(NEXSTAR) – A popular camping spot in Grand Canyon National Park has been renamed, making it just the latest federally-managed space to undergo rebranding. It isn’t the last, either.
After a unanimous vote by the U.S. Board of Geographic Names earlier this month, the Indian Garden campground has been renamed Havasupai Gardens. The vote came after the Havasupai Tribe formally requested the National Park Service change the campground’s name.
The area, originally called Ha’a Gyoh, is along the present-day Bright Angel Trail and is a common stop for day hikers and backpackers in the backcountry of the Grand Canyon.
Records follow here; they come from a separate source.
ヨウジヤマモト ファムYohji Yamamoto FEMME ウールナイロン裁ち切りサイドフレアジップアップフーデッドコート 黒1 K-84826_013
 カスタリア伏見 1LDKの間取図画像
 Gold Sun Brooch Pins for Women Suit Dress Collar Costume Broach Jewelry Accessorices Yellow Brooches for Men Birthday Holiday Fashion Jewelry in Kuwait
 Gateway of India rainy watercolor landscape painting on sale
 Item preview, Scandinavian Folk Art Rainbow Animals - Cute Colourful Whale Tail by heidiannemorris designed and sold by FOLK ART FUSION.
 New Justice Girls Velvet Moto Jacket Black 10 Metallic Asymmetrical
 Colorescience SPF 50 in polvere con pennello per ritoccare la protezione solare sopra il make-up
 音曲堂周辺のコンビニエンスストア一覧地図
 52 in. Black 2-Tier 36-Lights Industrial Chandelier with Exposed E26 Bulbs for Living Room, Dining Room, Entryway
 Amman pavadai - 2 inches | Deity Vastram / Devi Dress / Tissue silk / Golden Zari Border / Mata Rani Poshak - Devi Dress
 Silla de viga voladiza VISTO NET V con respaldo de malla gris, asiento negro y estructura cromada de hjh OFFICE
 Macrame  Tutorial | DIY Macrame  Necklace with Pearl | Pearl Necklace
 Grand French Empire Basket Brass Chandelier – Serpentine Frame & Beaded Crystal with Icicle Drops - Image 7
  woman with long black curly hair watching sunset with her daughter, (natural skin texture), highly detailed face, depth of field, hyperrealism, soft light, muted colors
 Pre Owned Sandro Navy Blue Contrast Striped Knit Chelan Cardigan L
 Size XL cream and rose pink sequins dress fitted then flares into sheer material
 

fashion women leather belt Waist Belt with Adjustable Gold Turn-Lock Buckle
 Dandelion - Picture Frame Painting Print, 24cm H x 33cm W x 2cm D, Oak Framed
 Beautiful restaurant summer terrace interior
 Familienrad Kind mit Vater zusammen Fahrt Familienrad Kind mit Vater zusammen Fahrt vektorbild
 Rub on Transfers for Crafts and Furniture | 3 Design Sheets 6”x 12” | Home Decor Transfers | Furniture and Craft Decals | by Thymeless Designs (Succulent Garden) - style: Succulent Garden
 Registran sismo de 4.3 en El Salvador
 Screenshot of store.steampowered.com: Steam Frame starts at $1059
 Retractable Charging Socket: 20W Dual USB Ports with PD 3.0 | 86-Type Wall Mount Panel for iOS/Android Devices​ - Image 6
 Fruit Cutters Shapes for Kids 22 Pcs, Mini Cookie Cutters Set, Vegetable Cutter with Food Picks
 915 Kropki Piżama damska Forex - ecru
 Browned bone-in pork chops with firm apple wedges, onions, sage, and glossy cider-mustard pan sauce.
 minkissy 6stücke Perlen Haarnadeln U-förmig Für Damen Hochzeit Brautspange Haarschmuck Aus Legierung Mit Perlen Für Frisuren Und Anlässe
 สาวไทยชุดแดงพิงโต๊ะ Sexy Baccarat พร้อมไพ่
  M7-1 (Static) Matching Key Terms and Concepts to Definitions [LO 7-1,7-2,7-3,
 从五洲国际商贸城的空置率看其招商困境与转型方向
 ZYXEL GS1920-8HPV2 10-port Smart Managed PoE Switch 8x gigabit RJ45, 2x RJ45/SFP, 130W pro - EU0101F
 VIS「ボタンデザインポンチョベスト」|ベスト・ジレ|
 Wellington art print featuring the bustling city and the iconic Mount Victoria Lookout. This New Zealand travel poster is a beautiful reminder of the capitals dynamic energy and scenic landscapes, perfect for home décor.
In the 1920s, the National Park Service instituted policies forcing the Havasupai people from Ha’a Gyoh, where they had been “since time immemorial,” according to park Superintendent Ed Keable.
The last of the Havasupai Tribe to leave was Captain Burro, who was forcibly removed, according to NPS. Despite their eviction, members of the tribe continued to live and work in the national park.
There was one native man park employees reported seeing walking up and down the canyon walls to the present-day Havasupai Garden. They called him Billy Burro, according to Ophelia Watahomigie-Corliss, a member of the Havasupai Tribe and former Council member. Thousands of visitors now follow in his footsteps every year — much of Bright Angel Trail is Billy Burro’s route.
“Every year, approximately 100,000 people visit the area while hiking the Bright Angel Trail, largely unaware of this history,” said Chairman Thomas Siyuja, Sr. “The renaming of this sacred place to Havasupai Gardens will finally right that wrong.”
Efforts to update signs, websites and other material to match Havasupai Garden’s renaming are already underway, and a rededication ceremony is slated for next spring.
A mountain in Yellowstone National Park was renamed earlier this year to remove the name of an explorer, Gustavus Doane, who led an attack on a band of Piegan Blackfeet. Known as the Marias Massacre of 1870, the attack left at least 173 American Indians dead, including women, children suffering from smallpox, and elderly Tribal members. In June, NPS announced Mount Doane would be renamed to First Peoples Mountain.
There are more than 600 other geographic features in the U.S. that have or will soon undergo a name change as part of the Department of Interior’s efforts to remove the term “squaw” from federal lands.
Even more places could be renamed soon. The Interior Department recently announced the Advisory Committee on Reconciliation in Place Names will hold its inaugural public meeting on December 7 and 8. The Committee is responsible for finding federal land units and geographic features with names that may be considered derogatory and creating potential replacement names.
There are 17 members on the Advisory Committee, which represents Tribes and Tribal organizations, Native Hawaiian Organizations, “and members of the public with expertise in civil rights, history, geography, and anthropology,” according to the Department of the Interior.
Anyone can submit a new name or name change for a geographic feature with the Board on Geographic Names.